* [REQUIRED ACTION]: Below are the entries to work from; restate word for word the portion that opens with the line containing "Experience freedom in" and closes with the line containing "Guy looking around", keeping both.

* [EXERCISE DATA]:
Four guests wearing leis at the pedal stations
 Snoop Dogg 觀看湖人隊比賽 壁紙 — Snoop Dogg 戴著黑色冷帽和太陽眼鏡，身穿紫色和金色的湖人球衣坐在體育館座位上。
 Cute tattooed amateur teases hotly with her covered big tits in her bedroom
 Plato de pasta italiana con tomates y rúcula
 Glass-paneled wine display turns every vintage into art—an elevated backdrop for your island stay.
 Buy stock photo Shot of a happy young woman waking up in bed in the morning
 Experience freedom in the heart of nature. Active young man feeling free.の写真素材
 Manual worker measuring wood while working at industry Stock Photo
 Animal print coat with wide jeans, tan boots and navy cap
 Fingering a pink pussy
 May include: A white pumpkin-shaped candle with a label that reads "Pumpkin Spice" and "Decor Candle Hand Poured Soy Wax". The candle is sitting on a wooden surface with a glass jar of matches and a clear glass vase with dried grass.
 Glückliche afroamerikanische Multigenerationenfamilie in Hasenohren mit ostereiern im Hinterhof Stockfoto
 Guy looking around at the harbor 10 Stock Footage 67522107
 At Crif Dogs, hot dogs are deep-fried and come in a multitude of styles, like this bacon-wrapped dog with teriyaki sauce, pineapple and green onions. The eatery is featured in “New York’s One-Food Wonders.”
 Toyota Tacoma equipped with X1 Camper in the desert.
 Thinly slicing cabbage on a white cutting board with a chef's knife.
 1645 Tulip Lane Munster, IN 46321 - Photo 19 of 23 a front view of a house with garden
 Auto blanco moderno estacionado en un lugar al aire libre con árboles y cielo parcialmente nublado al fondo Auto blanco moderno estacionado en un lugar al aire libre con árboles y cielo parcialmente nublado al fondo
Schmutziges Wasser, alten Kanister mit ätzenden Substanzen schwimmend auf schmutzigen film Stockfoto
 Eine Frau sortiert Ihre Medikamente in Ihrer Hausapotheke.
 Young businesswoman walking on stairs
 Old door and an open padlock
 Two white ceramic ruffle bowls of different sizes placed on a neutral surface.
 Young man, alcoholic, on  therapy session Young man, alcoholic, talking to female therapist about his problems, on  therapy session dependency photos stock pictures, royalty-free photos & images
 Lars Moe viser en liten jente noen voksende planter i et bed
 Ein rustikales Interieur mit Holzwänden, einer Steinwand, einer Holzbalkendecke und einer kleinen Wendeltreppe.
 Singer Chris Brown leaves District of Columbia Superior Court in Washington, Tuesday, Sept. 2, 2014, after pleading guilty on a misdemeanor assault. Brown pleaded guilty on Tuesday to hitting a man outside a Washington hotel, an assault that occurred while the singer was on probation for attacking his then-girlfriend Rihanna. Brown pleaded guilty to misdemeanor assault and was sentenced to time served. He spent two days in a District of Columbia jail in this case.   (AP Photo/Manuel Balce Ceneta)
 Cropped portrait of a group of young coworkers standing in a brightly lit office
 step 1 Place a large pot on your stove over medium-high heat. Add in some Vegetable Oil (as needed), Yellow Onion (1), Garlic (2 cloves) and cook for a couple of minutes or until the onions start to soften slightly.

* [RESULT]:
 Experience freedom in the heart of nature. Active young man feeling free.の写真素材
 Manual worker measuring wood while working at industry Stock Photo
 Animal print coat with wide jeans, tan boots and navy cap
 Fingering a pink pussy
 May include: A white pumpkin-shaped candle with a label that reads "Pumpkin Spice" and "Decor Candle Hand Poured Soy Wax". The candle is sitting on a wooden surface with a glass jar of matches and a clear glass vase with dried grass.
 Glückliche afroamerikanische Multigenerationenfamilie in Hasenohren mit ostereiern im Hinterhof Stockfoto
 Guy looking around at the harbor 10 Stock Footage 67522107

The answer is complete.